>>>

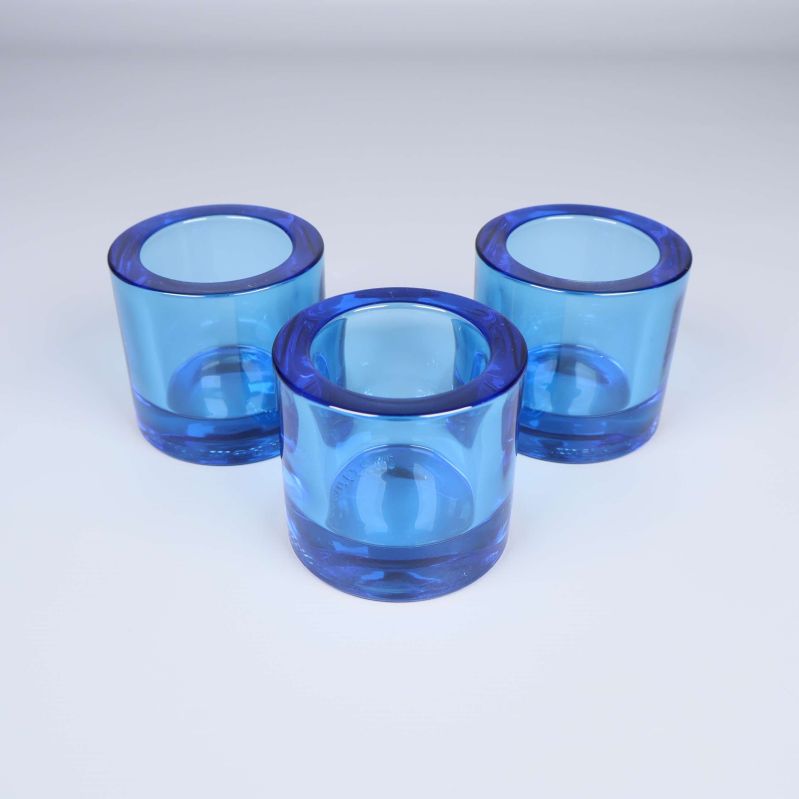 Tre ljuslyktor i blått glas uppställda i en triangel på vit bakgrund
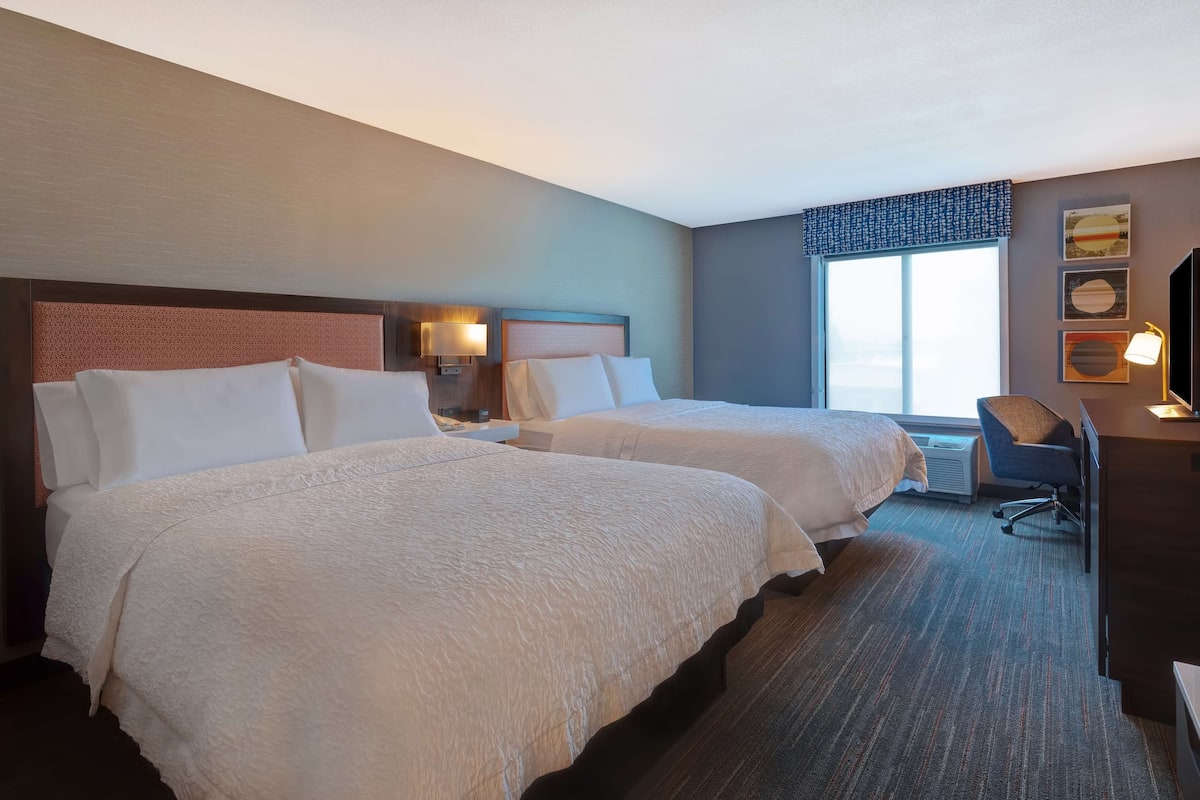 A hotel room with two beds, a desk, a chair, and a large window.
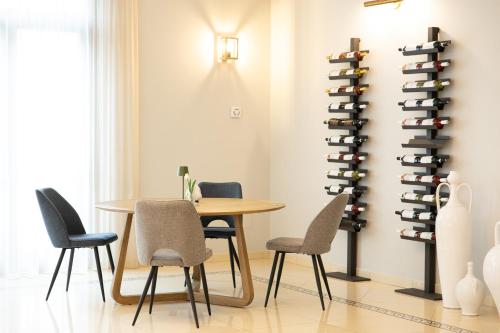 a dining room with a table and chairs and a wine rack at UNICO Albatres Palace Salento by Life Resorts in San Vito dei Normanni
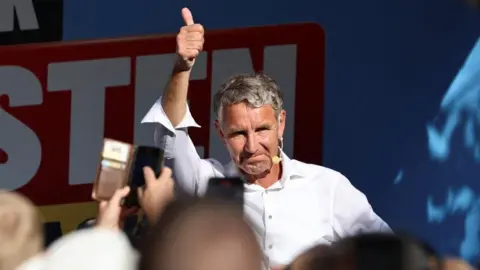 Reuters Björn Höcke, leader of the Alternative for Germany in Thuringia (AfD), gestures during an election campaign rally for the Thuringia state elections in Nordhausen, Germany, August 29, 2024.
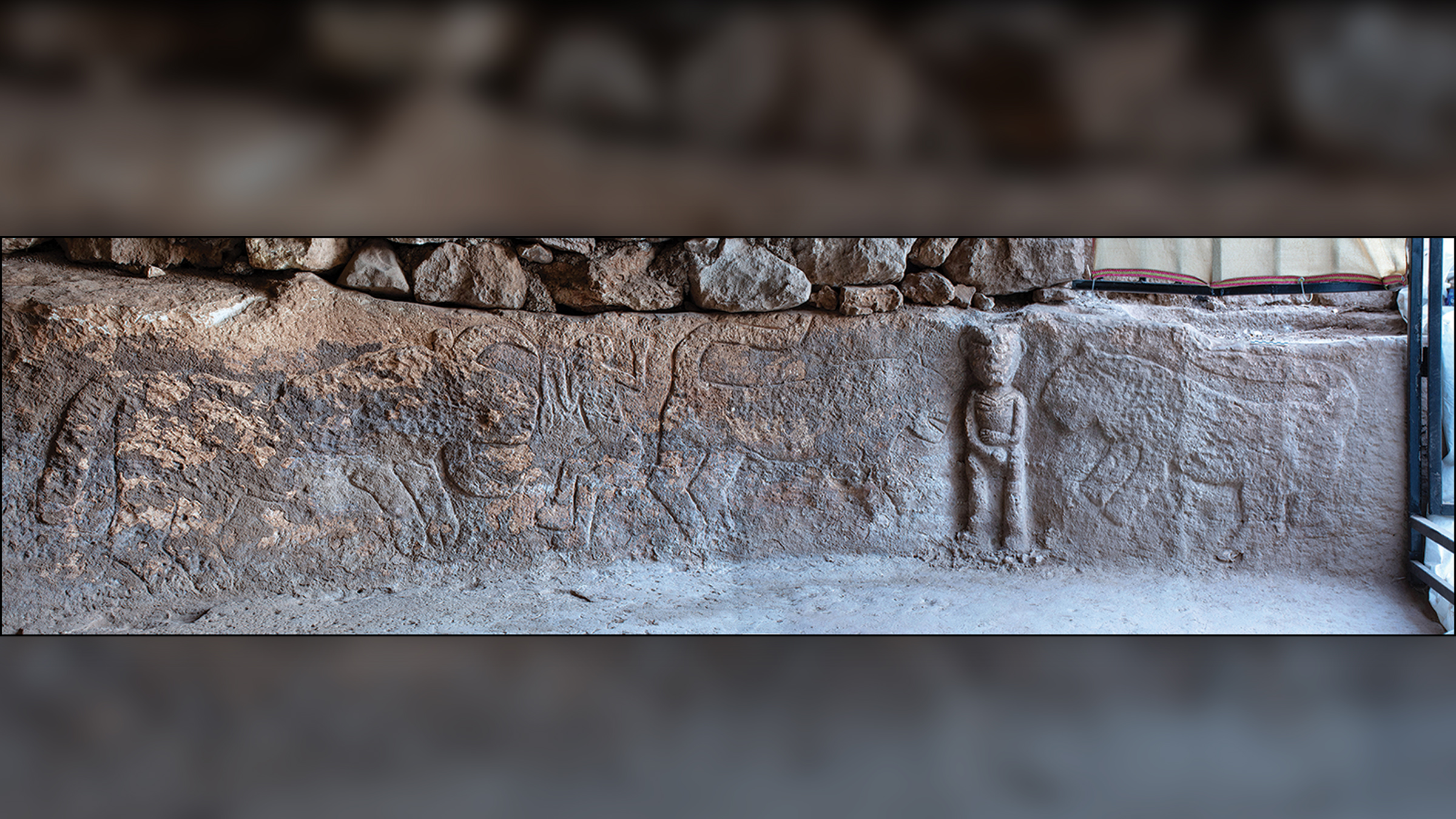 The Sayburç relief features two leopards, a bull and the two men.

<<<

** Work instruction **
Where a picture appears, skip it; repeat everything else in the data exactly.

** Exercise answer **
 Tre ljuslyktor i blått glas uppställda i en triangel på vit bakgrund
 A hotel room with two beds, a desk, a chair, and a large window.
 a dining room with a table and chairs and a wine rack at UNICO Albatres Palace Salento by Life Resorts in San Vito dei Normanni
 Reuters Björn Höcke, leader of the Alternative for Germany in Thuringia (AfD), gestures during an election campaign rally for the Thuringia state elections in Nordhausen, Germany, August 29, 2024.
 The Sayburç relief features two leopards, a bull and the two men.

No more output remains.